Association between Cytomegalovirus Seropositivity or Titres and Cardiovascular Disease: Systematic Review and Meta-Analysis of Prospective Evidence
Established risk factors for cardiovascular disease (CVD) do not fully explain CVD risk. Cytomegalovirus (CMV) has been linked to development of CVD among transplant recipients, but its association with CVD in immunocompetent adults is not established.
Embase®, Medline® and Web of Science® were searched in April 2014. Titles, abstracts and full-text articles were screened and meta-analysed using a priori criteria.

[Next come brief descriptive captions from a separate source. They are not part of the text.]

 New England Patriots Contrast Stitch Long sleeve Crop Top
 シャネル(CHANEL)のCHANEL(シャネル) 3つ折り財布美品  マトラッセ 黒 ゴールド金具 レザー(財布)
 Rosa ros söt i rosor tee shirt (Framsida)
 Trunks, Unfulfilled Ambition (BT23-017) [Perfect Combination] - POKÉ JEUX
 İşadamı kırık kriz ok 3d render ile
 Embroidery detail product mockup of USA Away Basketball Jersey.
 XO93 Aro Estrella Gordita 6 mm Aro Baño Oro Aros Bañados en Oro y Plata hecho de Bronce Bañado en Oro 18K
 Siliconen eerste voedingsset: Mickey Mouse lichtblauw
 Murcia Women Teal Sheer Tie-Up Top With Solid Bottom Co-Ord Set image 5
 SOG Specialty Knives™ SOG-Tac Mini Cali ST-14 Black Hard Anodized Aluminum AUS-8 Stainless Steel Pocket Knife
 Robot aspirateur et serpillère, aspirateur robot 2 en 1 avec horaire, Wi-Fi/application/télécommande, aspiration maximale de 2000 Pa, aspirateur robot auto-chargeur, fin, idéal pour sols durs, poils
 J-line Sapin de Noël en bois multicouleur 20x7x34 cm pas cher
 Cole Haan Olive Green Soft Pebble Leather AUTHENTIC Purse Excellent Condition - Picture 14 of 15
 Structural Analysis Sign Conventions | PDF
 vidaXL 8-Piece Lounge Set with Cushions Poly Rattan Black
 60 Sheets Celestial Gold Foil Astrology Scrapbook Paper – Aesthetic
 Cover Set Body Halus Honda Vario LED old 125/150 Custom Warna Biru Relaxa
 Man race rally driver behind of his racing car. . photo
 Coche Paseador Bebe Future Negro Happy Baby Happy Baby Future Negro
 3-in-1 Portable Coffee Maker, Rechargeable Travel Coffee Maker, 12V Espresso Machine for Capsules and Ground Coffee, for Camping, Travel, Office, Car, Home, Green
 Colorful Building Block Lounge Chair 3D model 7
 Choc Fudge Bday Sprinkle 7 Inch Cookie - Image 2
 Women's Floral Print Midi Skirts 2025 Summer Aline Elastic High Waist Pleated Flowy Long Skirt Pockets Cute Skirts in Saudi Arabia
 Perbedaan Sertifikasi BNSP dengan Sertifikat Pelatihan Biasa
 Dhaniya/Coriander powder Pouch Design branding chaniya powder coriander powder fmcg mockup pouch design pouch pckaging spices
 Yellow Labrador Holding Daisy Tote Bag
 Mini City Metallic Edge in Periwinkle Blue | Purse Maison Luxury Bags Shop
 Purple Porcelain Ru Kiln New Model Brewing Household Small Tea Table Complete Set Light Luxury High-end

Of 2,658 titles screened, 25 prospective studies met criteria for synthesis. All included studies defined CMV exposure using serological tests with a clinically important CVD outcome, but varied substantially regarding potential bias, confounding, and sample size. Random-effects meta-analysis of studies examining CMV seropositivity and CVD revealed a null association in both 13 population-based studies (effect estimate, 0.99; 95% CI, 0.87–1.12) and in 10 studies of patients with previous history of CVD (1.13; 1.00–1.27). However, in the three population-based studies that examined CMV antibody levels and CVD, there was an indication of increased risk in CVD among participants with higher titres, with the most methodologically robust study reporting an adjusted hazard ratio (95% CI) of 1.21 (1.04–1.41) for participants in the highest tertile of titres versus seronegative subjects.
There appears to be a modest increased risk in CVD associated with higher CMV antibody levels. Given high burden of CVD and high seroprevelance of CMV among adults worldwide, this association is of potential public health relevance. Further research examining this association in other cohorts, and prospective studies correlating CMV antibody levels with direct measurements of active infection are necessary.